■ **Task brief**:
Return only the lines running from the one that contains "TAŚMA KIEROWNICY FORD" through the end of the entries, exactly, both ends included. Omit pictures.

►

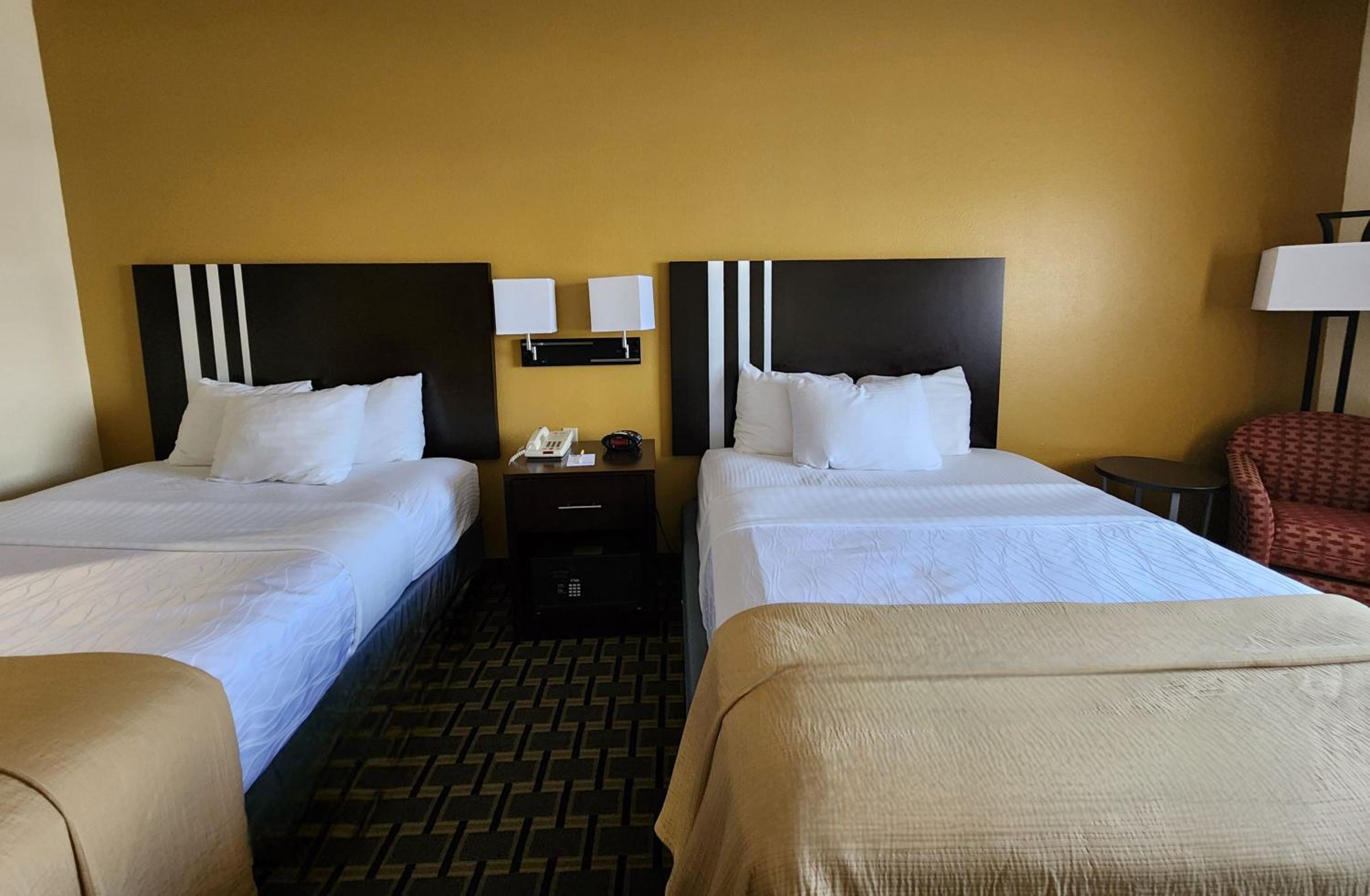 Queen Room with Two Queen Beds - Non-Smoking - Photo 9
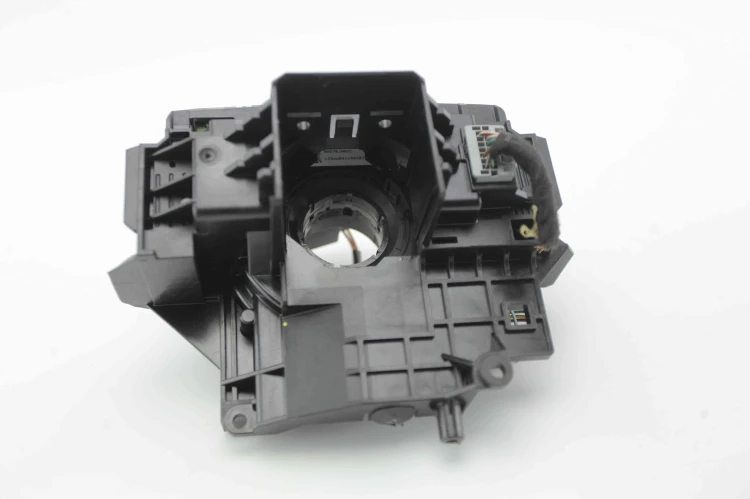 TAŚMA KIEROWNICY FORD FOCUS MK3 1.0 EcoBoost BV6T-13N064-AH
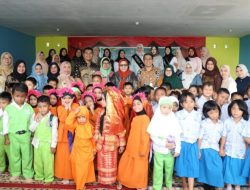 Erlita Amsakar Kunjungi Sejumlah TJ, Ajak Anak Cinta Membaca Sejak Dini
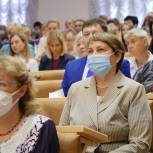 Педагоги Ивановской области получили единовременную выплату по инициативе представителей партии «Единая Россия»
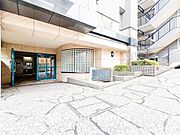 住まう誇らしさと安心感を演出する落ち着いた雰囲気のエントランス。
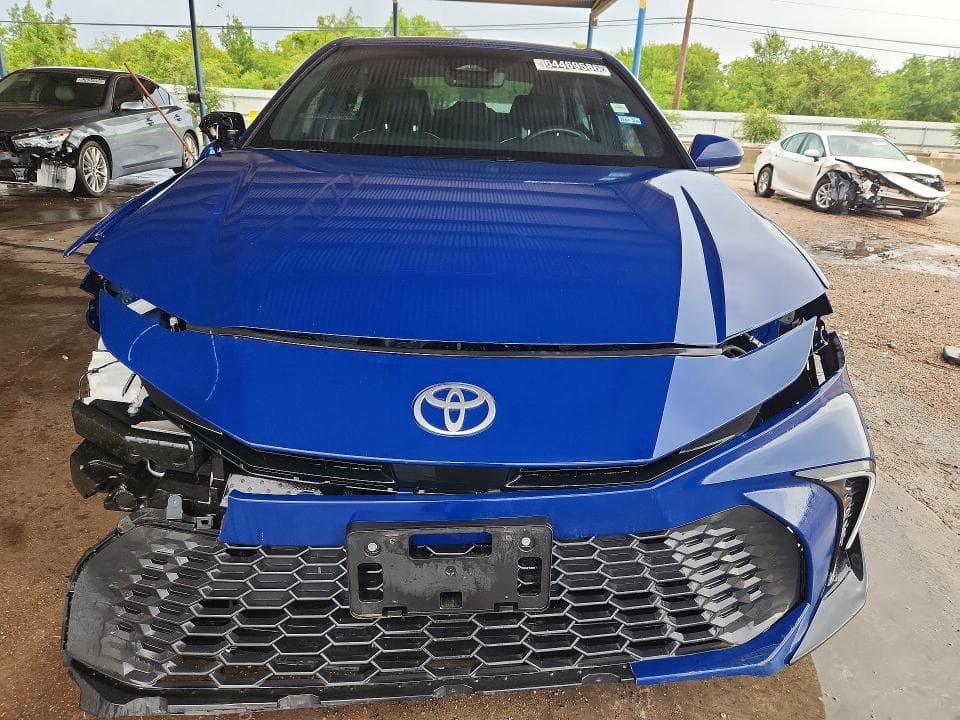 2025 TOYOTA CAMRY SE 5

◄

■ **Result of the task**:
 TAŚMA KIEROWNICY FORD FOCUS MK3 1.0 EcoBoost BV6T-13N064-AH
 Erlita Amsakar Kunjungi Sejumlah TJ, Ajak Anak Cinta Membaca Sejak Dini
 Педагоги Ивановской области получили единовременную выплату по инициативе представителей партии «Единая Россия»
 住まう誇らしさと安心感を演出する落ち着いた雰囲気のエントランス。
 2025 TOYOTA CAMRY SE 5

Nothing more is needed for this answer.